Au sein de l’installation de Marwan Moujaes, Je vous ai apporté des bonbons. Parce que les fleurs c’est périssable, la vidéo s’articule avec un dispositif sonore et un groupe d’objets singulier : des friandises au miel placées dans une bonbonnière. Il nous faut patiemment comprendre la circulation qui se fait entre les trois éléments : l’image projetée dont on devine après quelque temps qu’elle est un film, par le lent mouvement des arbres portés par la brise, nous montre une vue aérienne du cimetière juif de Beyrouth, espace chargée d’émotion et d’histoire, délaissé et désormais inaccessible. Un lent bourdonnement parvient à nos oreilles : l’artiste a installé une ruche tout contre le mur du cimetière puis recueillit 80 grammes de miel dont la quantité correspond au 1800 m2 carré du cimetière pour en faire 100 grammes de bonbons. Cette installation nous invite à imaginer l’action de l’artiste qui emprunte un savoir-faire lié au domaine agricole pour le déplacer. Son geste réancre le cimetière dans une histoire et une mémoire collective, y infuse du vivant là où seules des âmes reposent et nous offre un objet qui se partage. La force émotionnelle de l’œuvre s’allie à la délicatesse et la sobriété d’un dispositif où l’on ne bascule jamais dans le pathos.

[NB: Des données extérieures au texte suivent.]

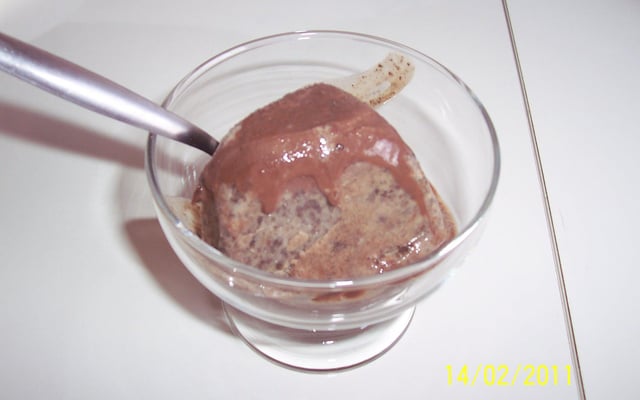 Torta sorvete de Negresco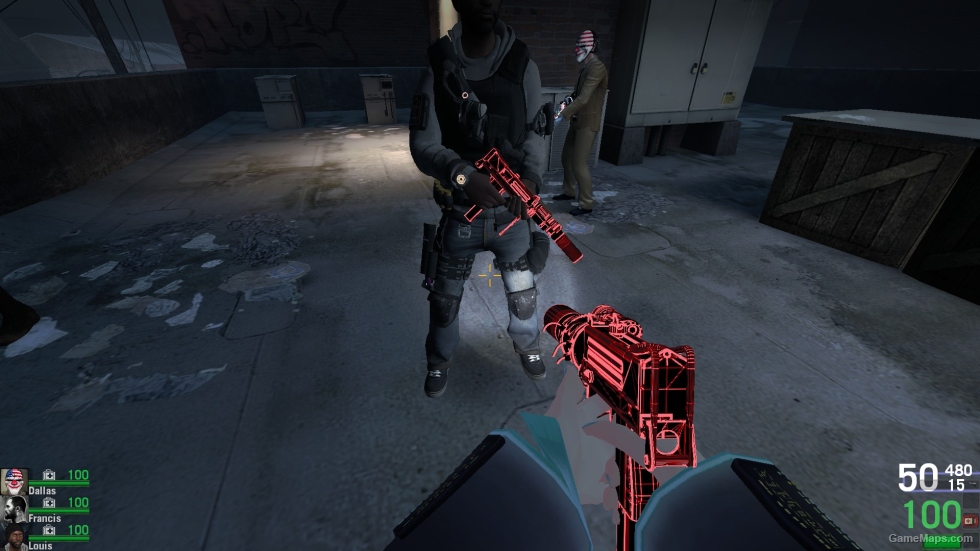 Mac-10 RGB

Prix Sciences Po 2018, crédit Léo Rivaud

Prix Sciences Po 2018, crédit Léo Rivaud

Prix Sciences Po 2018, crédit Léo Rivaud

Prix Sciences Po 2018, crédit Léo Rivaud

Cette même délicatesse se retrouve dans le travail de Natsuko Uchino qui présente Exte Mouton, un ouvrage textile, une grande laine feutrée teinte à l’indigo. Son travail qui se situe à la jonction de l’artisanat d’art et l’art contemporain – question éminemment actuelle – fait appel au collectif. Elle a ainsi travaillé en résidence à l’espace Etxe Nami, lieu atypique à Saint-Jean-de-Luz qui tisse des liens entre le Japon et le Pays Basque, faisant appel à des artisans de la laine et de la teinture. Mobilisant un savoir-faire français en train de disparaître, le textile reste imprégné d’une esthétique toute japonaise : on songe à des motifs imprimés sur un kimono, à une estampe…

Chez la jeune artiste, il semble bien s’agir de penser ce qui n’est plus alors une (in) différence, mais au contraire, hybrider les cultures, les techniques, les références.